2. The lower Court held that an amount realised in execution of the decree after 1st October, 1937, could not be appropriated by the decree-holder to interest accruing due before 1st October, 1937, so as to nullify the effect of the application of Section 8(1) of the Act. The appellate Court took the view that when the decree-holder had appropriated to interest money received after 1st October, 1937, to re-adjust that money to principal after wiping off interest which accrued due on 1st October, 1937, would amount to the ordering of a refund which would be opposed to the provisions of Sub-section (4) of Section 8. That decision is clearly erroneous in the light of the Bench decision in Suryanarayanamurthy v. Viranna : AIR1941Mad226 , and the decision of the District Munsif is correct on this point.
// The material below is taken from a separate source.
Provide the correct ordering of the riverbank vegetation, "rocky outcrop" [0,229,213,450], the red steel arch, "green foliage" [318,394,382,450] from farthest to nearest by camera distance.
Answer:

3. The respondent however seeks to support the order of the learned Additional District Judge on another ground. The proceedings under Act IV started with an application under Section 20 filed on 22nd August, 1938, at a time when the sale in execution was pending. This application was posted for hearing to 5th September, 1938 and the sale was adjourned to the same date. On 5th September, 1938, the application under Section 20 was dismissed for default. The application under Section 19 was not filed until 29th October, 1938. It is contended that the applicant cannot be in a better position when his application under Section 20 has been dismissed than he would have been if a stay had been ordered in the first instance and also that the dismissal of his application under Section 20 bars an application under Section 19. It seems to me that there is no substance in either of these contentions. It was decided by a Bench in Kumaraswami v. Thiruvengadatha : AIR1939Mad613 , that the period prescribed under Section 20 is a period of limitation arising in the circumstances contemplated in that section, that is to say, on the grant of a stay; and the learned Chief justice observed:
So long as a debt is enforceable a debtor has a right to apply at any time for the scaling down of the debt, except in the circumstances contemplated by Section 20.
4. Quite clearly, the period of limitation prescribed in Section 20 begins to run with the grant of a stay. There was no grant of stay in this case.
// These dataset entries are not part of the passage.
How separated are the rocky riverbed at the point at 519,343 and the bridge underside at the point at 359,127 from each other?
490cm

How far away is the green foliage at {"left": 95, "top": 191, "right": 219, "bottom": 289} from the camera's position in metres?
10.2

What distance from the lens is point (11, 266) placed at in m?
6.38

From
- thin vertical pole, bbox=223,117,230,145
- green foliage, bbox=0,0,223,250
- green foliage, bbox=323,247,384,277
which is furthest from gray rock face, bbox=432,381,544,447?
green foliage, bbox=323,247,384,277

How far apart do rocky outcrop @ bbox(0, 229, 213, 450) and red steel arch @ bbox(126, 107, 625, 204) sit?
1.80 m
5. It cannot be held that the dismissal of the application under Section 20 for default amounts to a binding adjudication that the applicant is not entitled to the benefits of the Act. An application under Section 20 is heard by the executing Court; whereas an application under Section 19 is heard by the Court, which passed the decree. The executing Court has to be satisfied prima facie that the applicant is a person who would be entitled to present an application under Section 19. But Section 20 does not contemplate any final decision on the question of the right of the applicant to apply under Section 19. Moreover, when the applicant allows his application under Section 20 to be dismissed for default, he is clearly abandoning only his right to a stay. That abandonment may be due to many causes. For instance, the execution may have stopped for some reasons quite apart from the proceedings under Act IV. In such a case, there is no point in the applicant going on with his proceedings under Section 20 if time is available to him without such proceedings for preparing his application to the Court which passed the decree, under Section 19. It would be impossible to hold that, when an agriculturist allows his application under Section 20 to be dismissed because it is not necessary, such a dismissal would bar the substantive application under Section 19.
6. In the result therefore I allow the revision petition with costs throughout and restore the order of the District Munsif.